By Rabbi Alexander London
BAVA KAMMA 27b
The Mishna states: If one places a jug in a public thoroughfare and another person stumbles over the jug and breaks it, that person is not liable to pay for the damage. If the person was damaged by the jug, the owner of the jug is liable for those damages.
The Gemara asks: Why is the person who stumbles over the jug and breaks it not liable for the damage? He should have watched where he was going!

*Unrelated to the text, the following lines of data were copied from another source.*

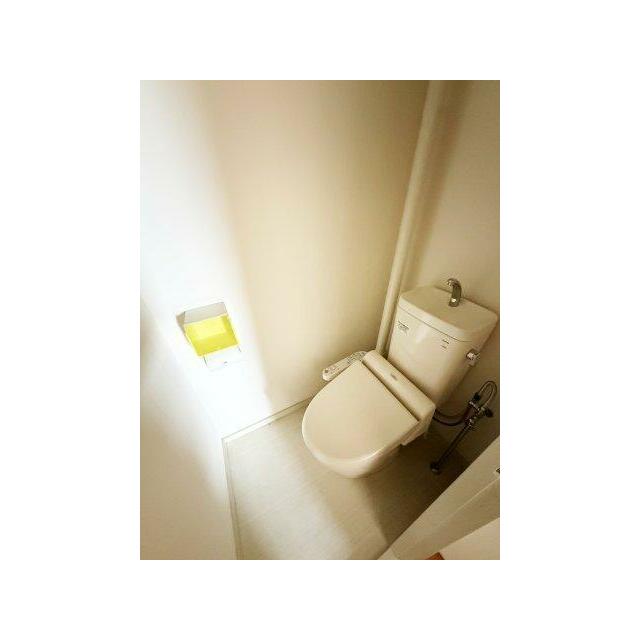 TOTO製の温水洗浄便座付きトイレです。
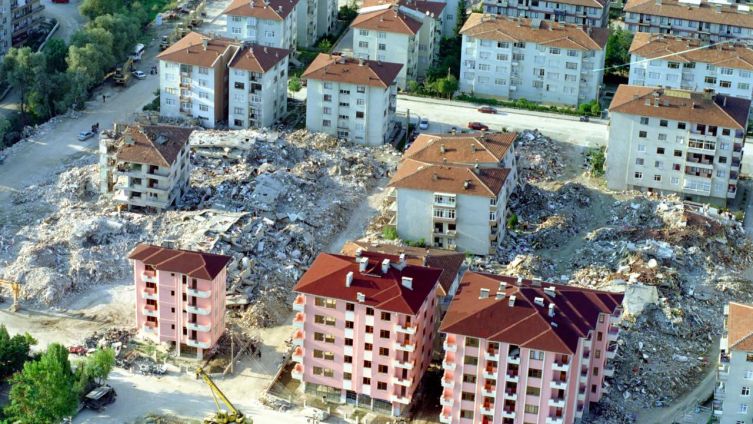 17 Ağustos depreminin üzerinden 24 yıl geçti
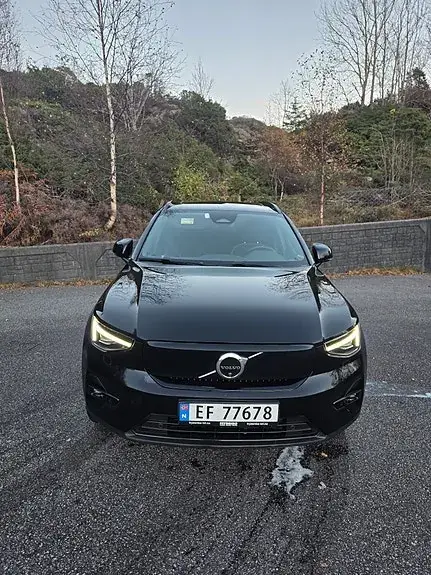 Volvo Xc40 2023 photo 2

Tosafos says that the Gemara did not ask, Why, if the person was damaged by the jug, is the owner of the jug liable for these damages? Here also, the fact that the person should have watched where he was going should absolve the owner of the jug from responsibility! Tosafos explains that there is a principle in Jewish law: One bears greater responsibility to ensure that he does not damage, than he does to ensure that he is not damaged.

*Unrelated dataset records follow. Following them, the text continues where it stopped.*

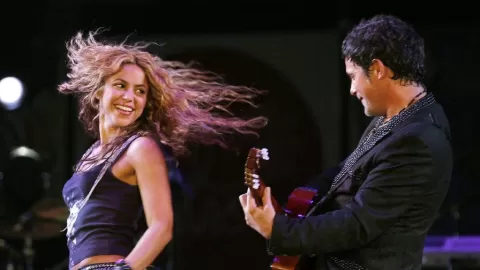 Shakira y Alejandro Sanz: ¿Amor o eterna amistad? Mensaje de cumpleaños reaviva llamas de un romance que los fans anhelan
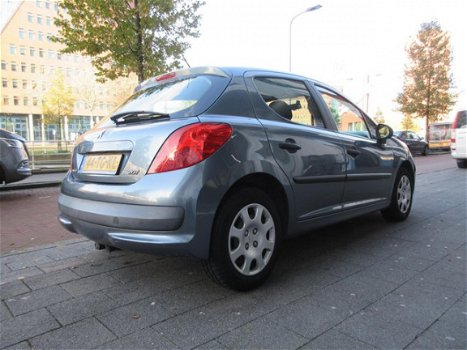 Peugeot 207 - 1.4-16V XR 5 Deurs Airco - 1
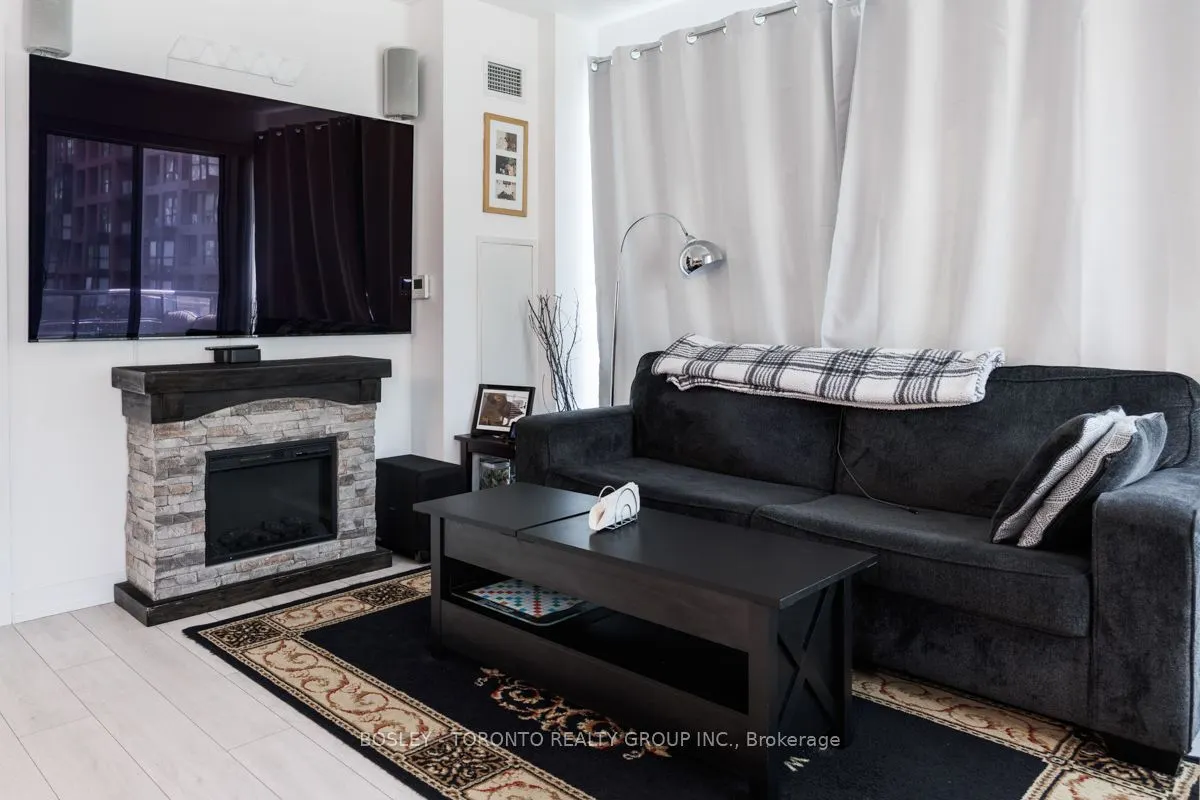 31 Tippett Road, #363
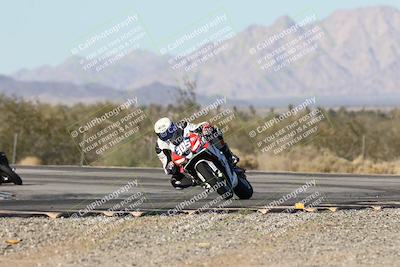 media/Dec-06-2025-CVMA (Sat) [[4a896cc04c]]/Race 6-Formula Twins-Formula 40 UL/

The Nesivos (126:6) discusses a case where Reuven had deposited an article by Shimon. Reuven mistakenly told Shimon that the article actually belonged to Shimon. Shimon, forgetting that the object really belonged to Reuven, gave the object to a gentile. The Nesivos rules that Shimon must pay for the item. Although both Reuven and Shimon erred, Shimon bears responsibility. This is because of the principle that Tosafos stated: One bears greater responsibility to ensure that he does not damage, than he does to ensure that he is not damaged.